Exercise details: Each line below must be reproduced exactly as it stands. Pictures stay out of the copy.

= = = = = = =

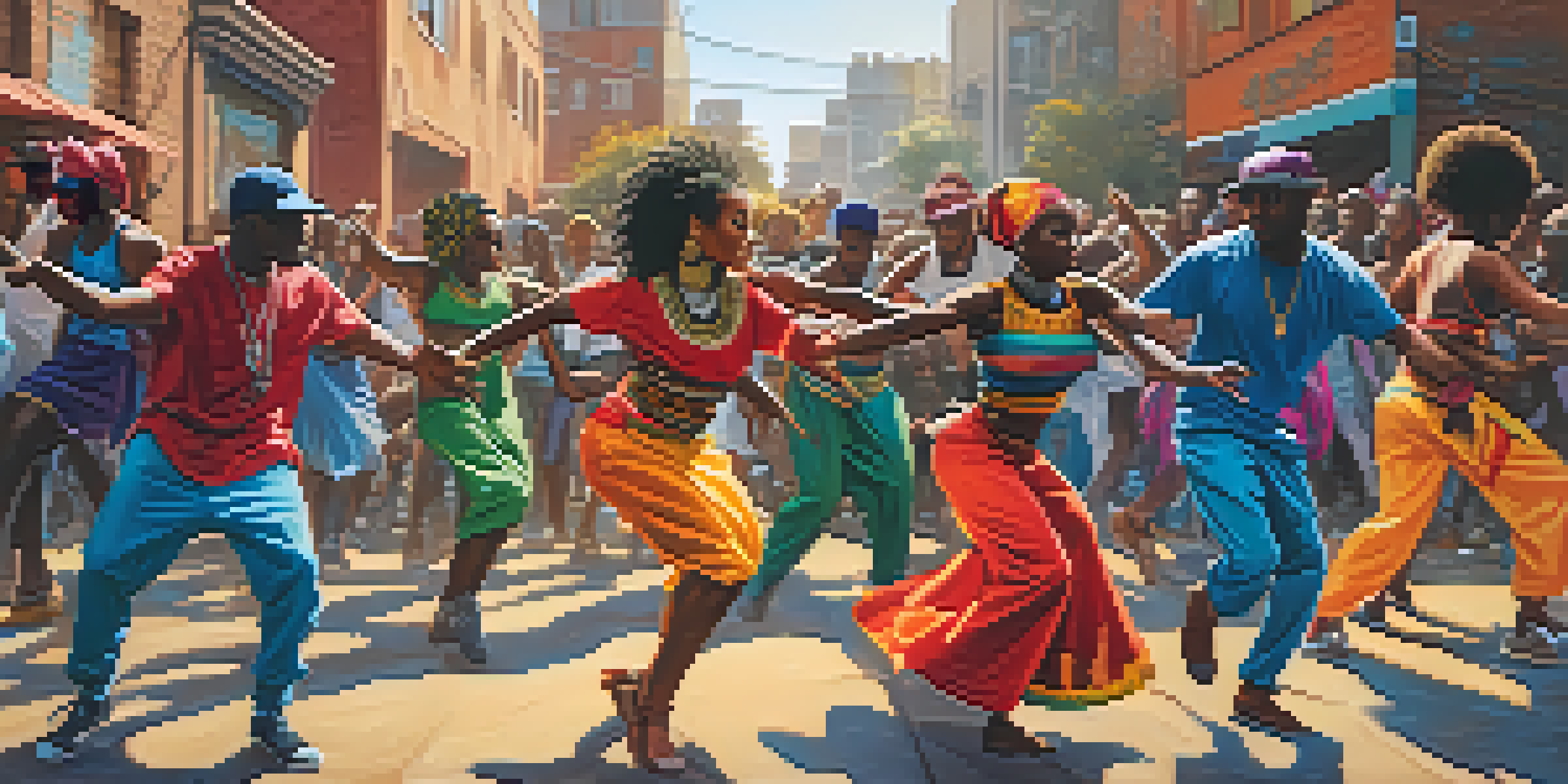 A group of dancers in colorful costumes performing a vibrant fusion of traditional African dance and hip-hop in an urban setting.
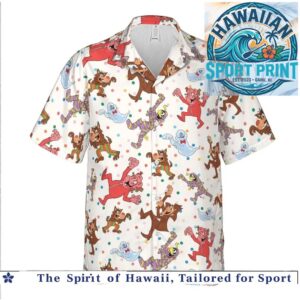 Classic Retro Cartoon Monsters Polka Dot Fun Hawaiian Shirt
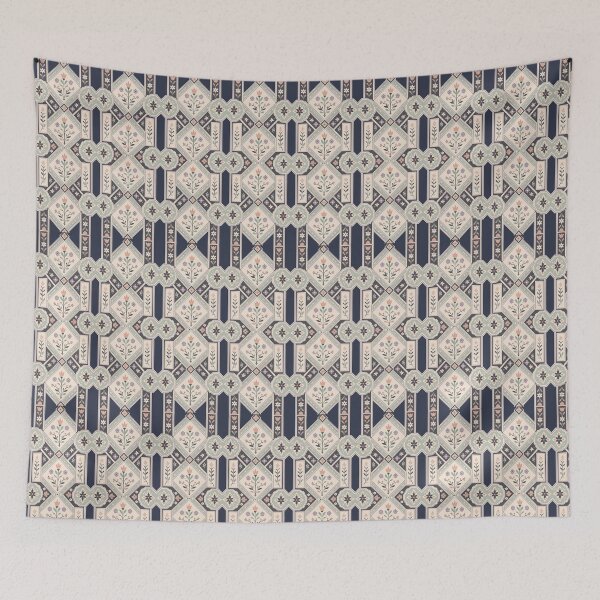 Item preview, Botanical Tilework Microfloral Mosaic Pattern designed and sold by BelievingCreate.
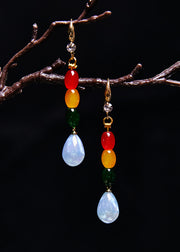 Modern Multicolour Gem Stone Droplet Shape Drop Earrings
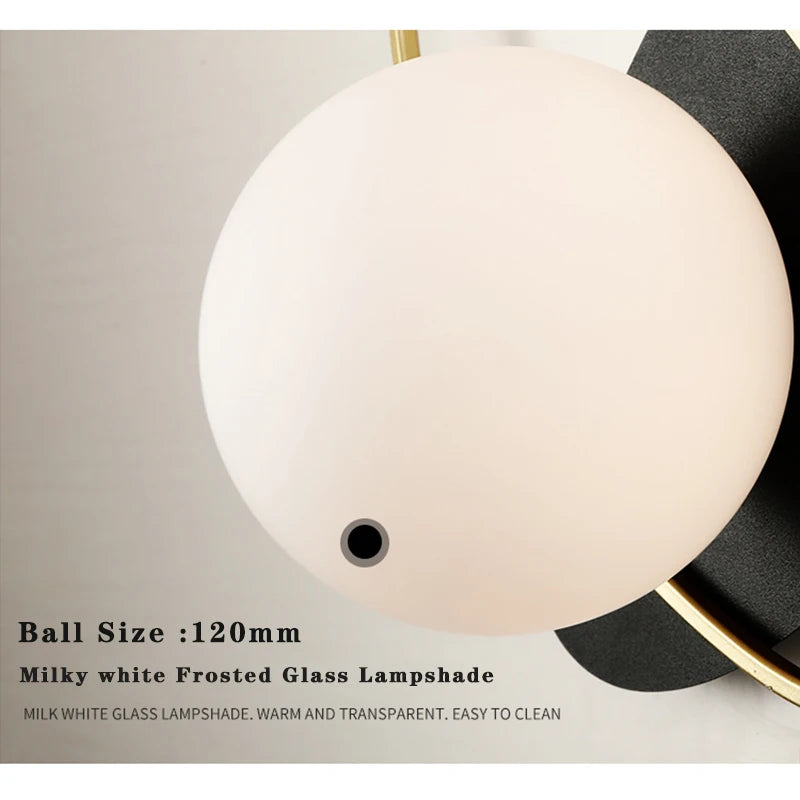 Glass Globe Geometric Wall Sconce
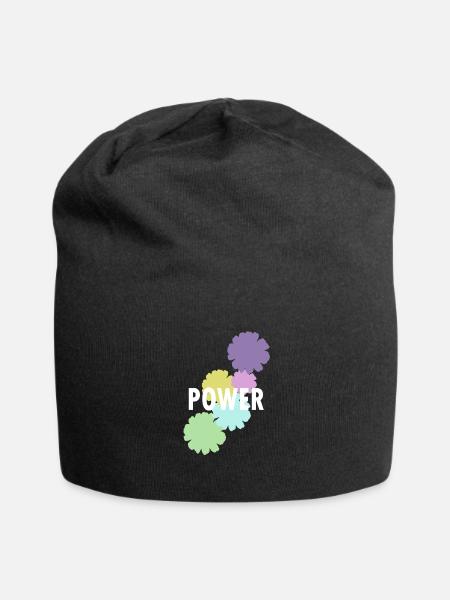 Mama Flower Power - Jersey-Beanie - Schwarz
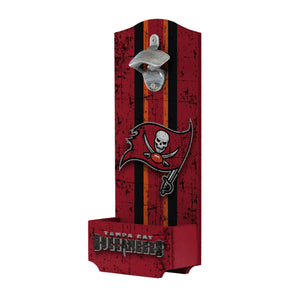 Tampa Bay Buccaneers NFL Wooden Bottle Cap Opener Sign
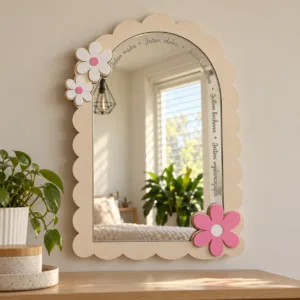 Lusterko z grawerowanymi afirmacjami i kwiatkami – 34 cm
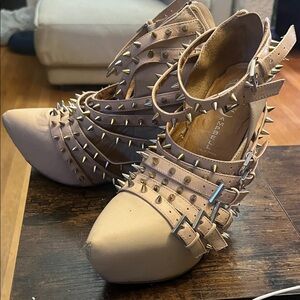 Jeffrey Campbell Studded Beige Heels
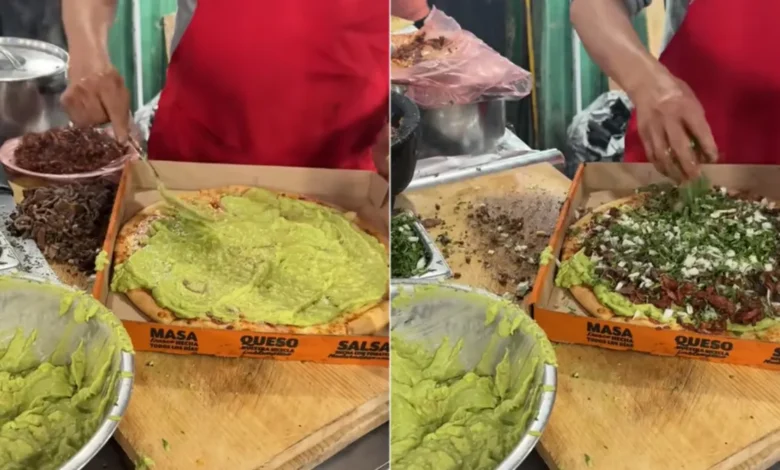 Pizza de Little Caesars cubierta con bistec, carne al pastor, cilantro, cebolla y guacamole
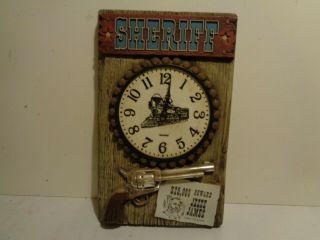 Vintage Westclox Sheriff Colt 45 Jesse James Wanted Poster Clock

= = = = = = =

Result:
 A group of dancers in colorful costumes performing a vibrant fusion of traditional African dance and hip-hop in an urban setting.
 Classic Retro Cartoon Monsters Polka Dot Fun Hawaiian Shirt
 Item preview, Botanical Tilework Microfloral Mosaic Pattern designed and sold by BelievingCreate.
 Modern Multicolour Gem Stone Droplet Shape Drop Earrings
 Glass Globe Geometric Wall Sconce
 Mama Flower Power - Jersey-Beanie - Schwarz
 Tampa Bay Buccaneers NFL Wooden Bottle Cap Opener Sign
 Lusterko z grawerowanymi afirmacjami i kwiatkami – 34 cm
 Jeffrey Campbell Studded Beige Heels
 Pizza de Little Caesars cubierta con bistec, carne al pastor, cilantro, cebolla y guacamole
 Vintage Westclox Sheriff Colt 45 Jesse James Wanted Poster Clock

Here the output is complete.